Cable Design and the Speed of Sound, Part Three

Cable Design and the Speed of Sound, Part Three

Written by Galen Gareis

In Part One of this series (Issue 130), Galen Gareis of ICONOCLAST cables and Belden Inc. began an extensive exploration into a critical but not often discussed aspect of cable design: the velocity of propagation (Vp) of audio signals. In the second segment (Issue 131), he looked at practical ways to change the velocity of propagation and improve signal linearity for the benefit of better cable performance, and examined other subjects. In this final installment, Galen looks at resistance, the effects of various dielectrics, wire geometry, skin effect and other considerations, and summarizes his findings.

Also, introductory material on the subject by Galen and Gautam Raja is available in Copper Issues 48, 49 and 50.

What About Resistance in Audio Cables?

The value of resistance, R, in both impedance and in Vp (velocity of propagation) equations matters at low frequencies. We generally think of resistance as insignificant and it isn’t. In fact, as we drop in frequency, R becomes more and more significant. The same is true in Vp across low frequencies. R is important to a cable’s performance if its value is selected well.
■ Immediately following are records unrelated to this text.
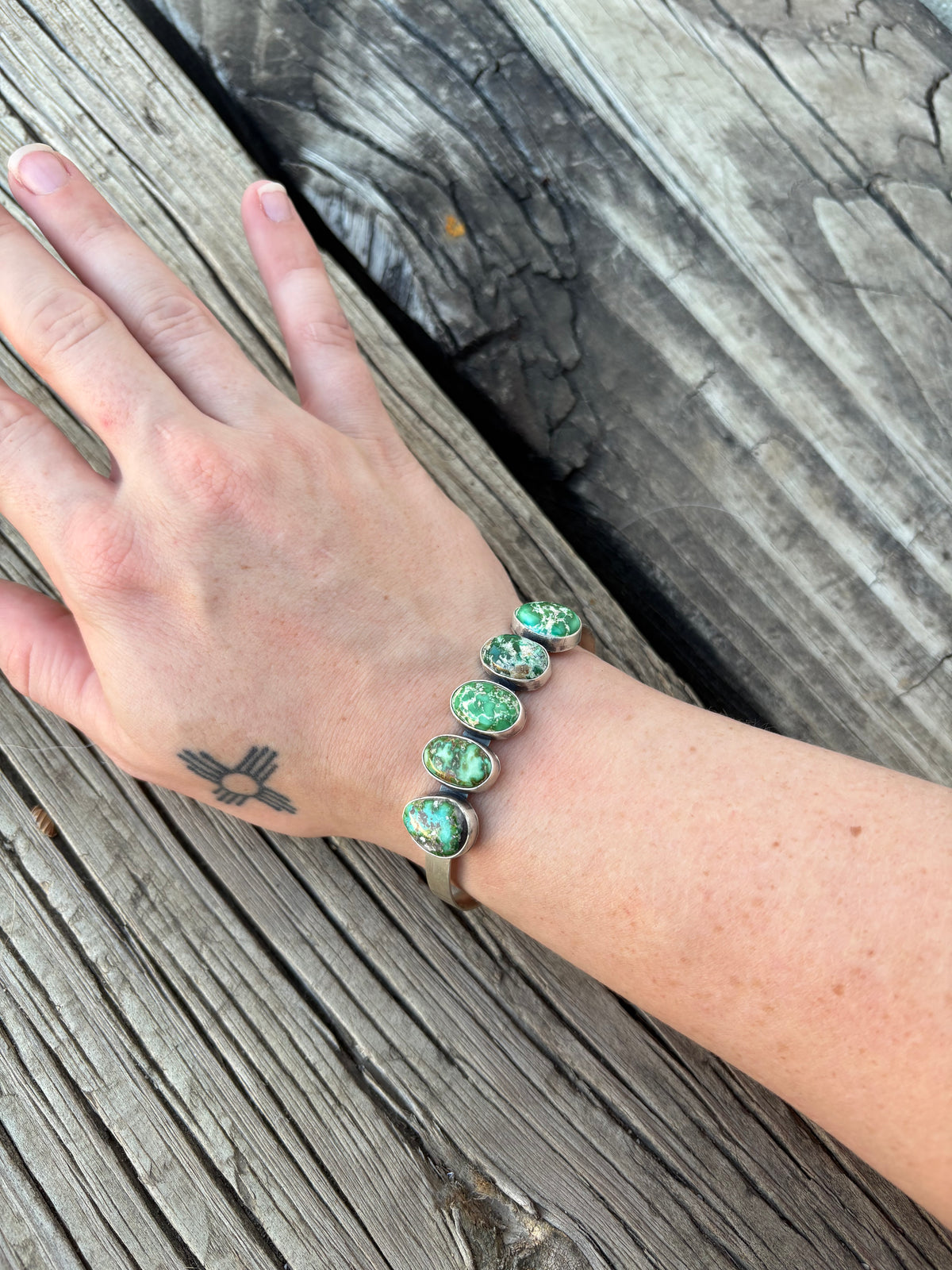 Elon Lewis Native Made 5 Stone Cuff
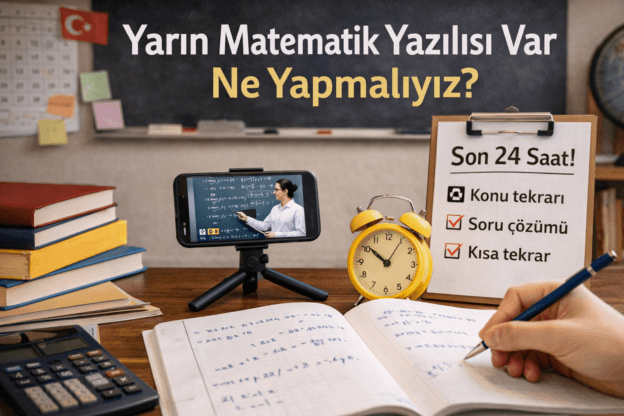 Doğru hazırlanırsanız son 24 saat bile fark yaratır. Yanlış hazırlanırsanız çocuk çalışır ama sonuç alamaz.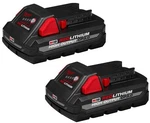 Genuine Milwaukee M18 Redlithium High Output CP3.0 18V Li-ion 3AH Battery 2-PACK. Fixed Price $159.99.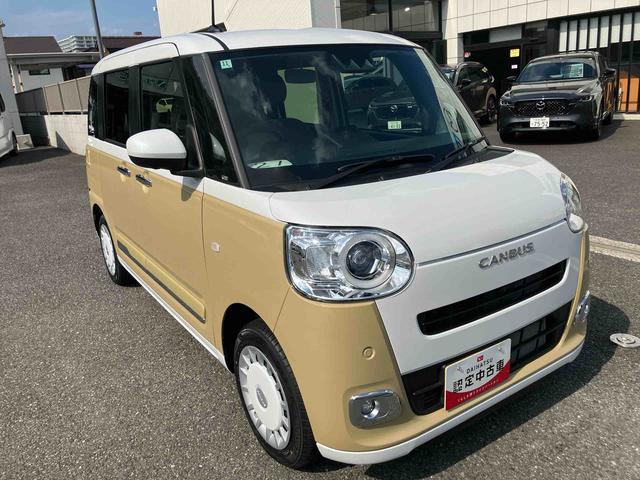 ムーヴキャンバスストライプスＧ　両側電動スライド／電子パーキング保証１年間・距離無制限　スマアシ／ＬＥＤヘッドライト（東京都）の中古車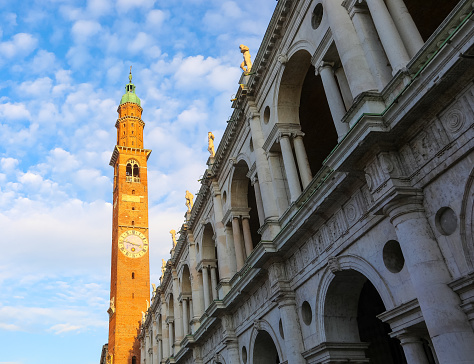 Ancient Tower of VICENZA CIty in Veneto Region in Italy
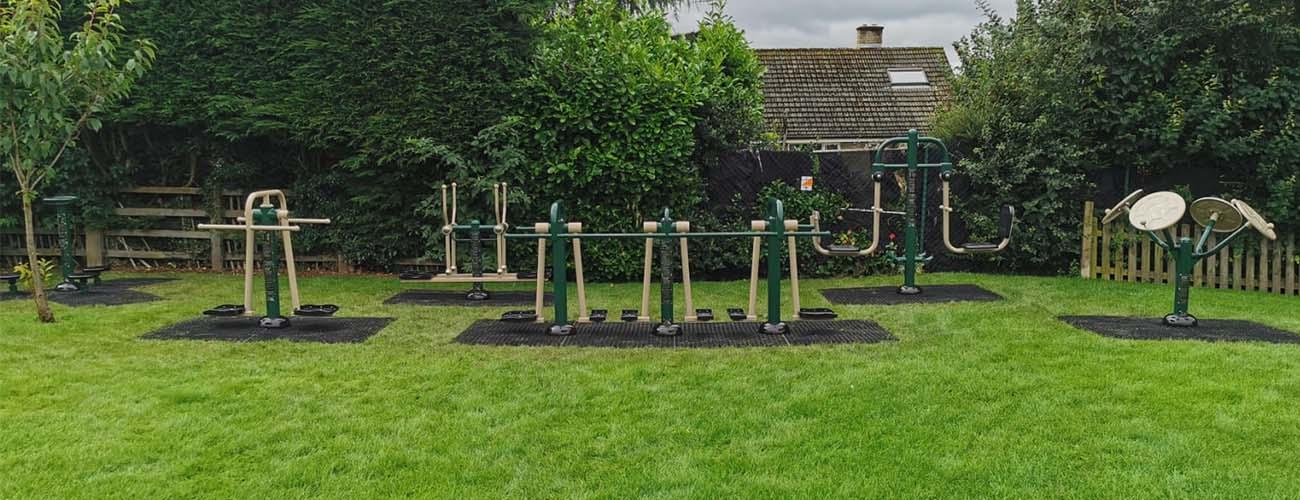 new primary school outdoor gym by Fresh Air Fitness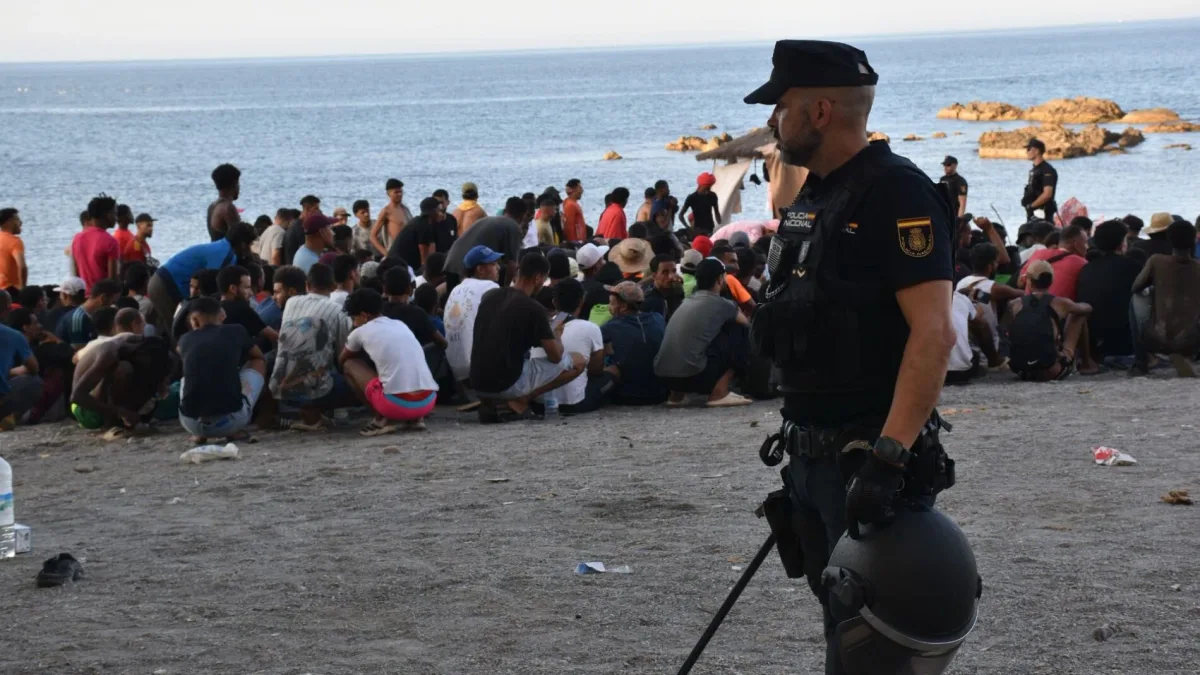 Primer policía diagnosticado con sarna tras haber prestado servicio en la crisis migratoria de Ceuta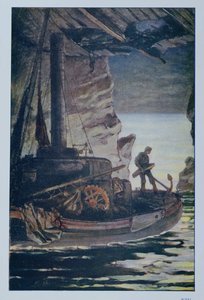Illustratie uit Les Travailleurs de la Mer door Victor Hugo (1802-85) 1923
Capacitance can be increased to improve the denominator in the low-frequency Vp equation, but we also need to consider the effects of capacitance in creating amplifier problems. If a cable’s capacitance is too high, it can create serious problems with power amplifiers, including instability. This can make amps bright or harsh.

Amplifiers are measured with resistive loads. The specifications you see aren’t really true when driving a speaker cable and speakers, where there is added reactance. The real-world amplifier’s performance is worse than the best case 8-ohm load tests. We don’t want to aggravate that issue with the speaker cable if we can keep reactance mitigated and still achieve the advantages of a cable with low time-based distortion.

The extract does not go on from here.